▸ To do
Keep every word of the listing and reproduce it exactly, but set aside any image found there.

▸ Data segment

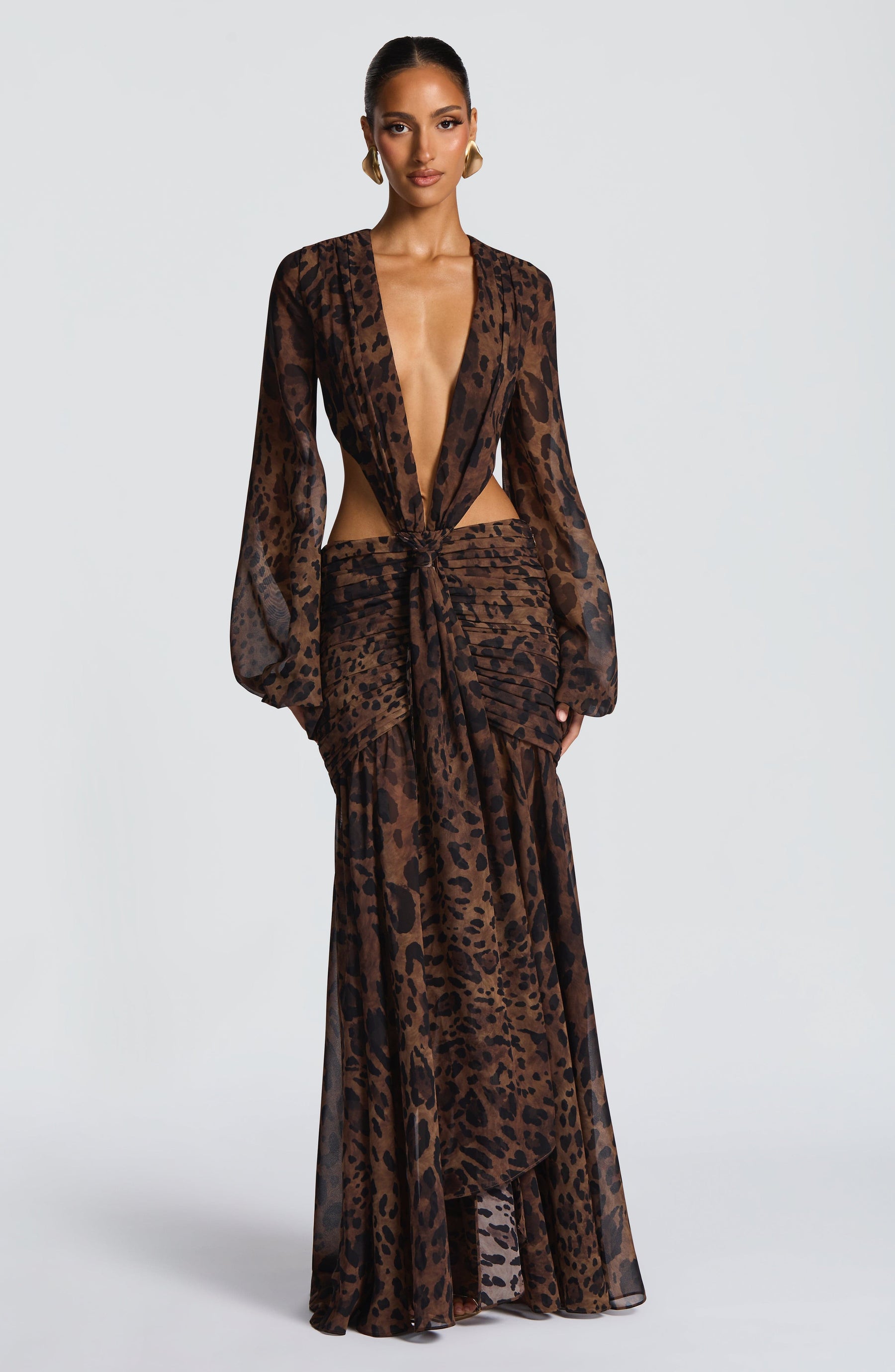 Andrina Maxi Elbise - Leopar Desenli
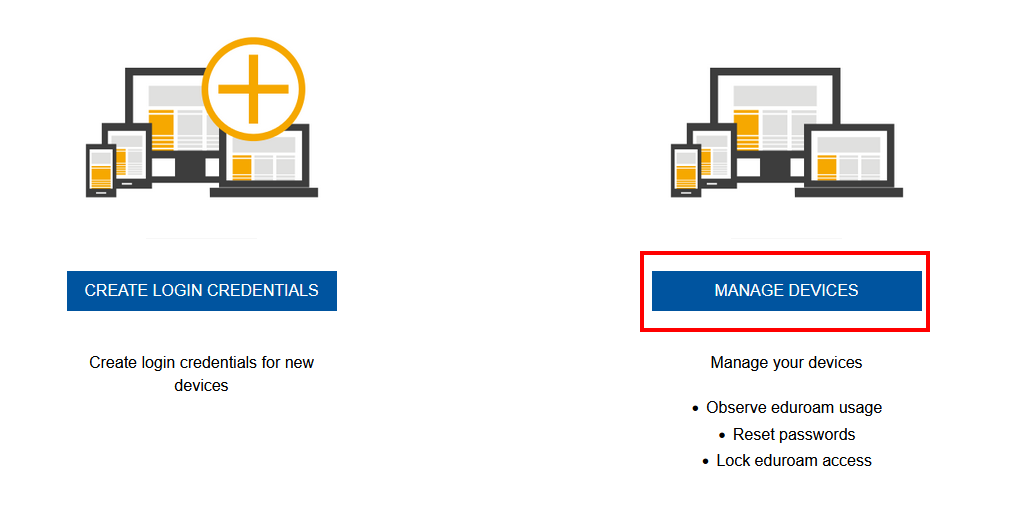 Screenshot of the start page of the Devicemanager. There are two buttons: Generate login credentials and Manage devices.
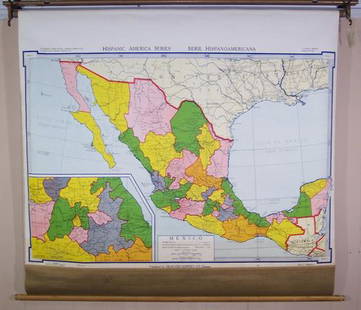 Mexico. (Hispanic America Series): Title: Mexico. (Hispanic America Series)Cartographer: DENOYER, R. P./R. B. BLAIRPublisher: DENOYER-GEPPERT CO.Height: 28.25Width: 41.75 School map on spring roller Map HA11. Text in English and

▸ Your solution
 Andrina Maxi Elbise - Leopar Desenli
 Screenshot of the start page of the Devicemanager. There are two buttons: Generate login credentials and Manage devices.
 Mexico. (Hispanic America Series): Title: Mexico. (Hispanic America Series)Cartographer: DENOYER, R. P./R. B. BLAIRPublisher: DENOYER-GEPPERT CO.Height: 28.25Width: 41.75 School map on spring roller Map HA11. Text in English and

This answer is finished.